= Foster–Greer–Thorbecke indices =

Family of poverty metrics

The Foster–Greer–Thorbecke indices are a family of poverty metrics. The most commonly used index from the family, FGT_{2}, puts higher weight on the poverty of the poorest individuals, making it a combined measure of poverty and income inequality and a popular choice within development economics.
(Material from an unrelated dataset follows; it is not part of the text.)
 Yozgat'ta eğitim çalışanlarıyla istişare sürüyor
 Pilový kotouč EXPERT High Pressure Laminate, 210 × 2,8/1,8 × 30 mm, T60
The indices were introduced in a 1984 paper by economists Erik Thorbecke, Joel Greer, and James Foster.

The individual indices within the family are derived by substituting different values of the parameter α into the following equation:

$FGT_\alpha=\frac {1} {N} \sum_{i=1}^H \left(\frac {z-y_i} {z}\right)^\alpha$

where z is the poverty threshold, N is the number of people in the economy, H is the number of poor (those with incomes at or below z), y_{i} is the income of each individual i. When α > 0, one can also render the FGT index using positive-part notation and summing over all units:

$FGT_\alpha=\frac {1} {N} \sum_{i=1}^N \left(\left[\frac {z-y_i} {z}\right]_+\right)^\alpha$

If $\alpha$ is low then the FGT metric weights all the individuals with incomes below z roughly the same. The higher the value of α, the greater the weight placed on the poorest individuals. The higher the FGT statistic, the more poverty there is in an economy.

== FGT_{0 }and FGT_{1} ==
With α = 0, the formula reduces to the headcount ratio: the fraction of the population that lives below the poverty line.

$FGT_0=\frac {H} {N}$

With α = 1, the formula reduces to the poverty gap index.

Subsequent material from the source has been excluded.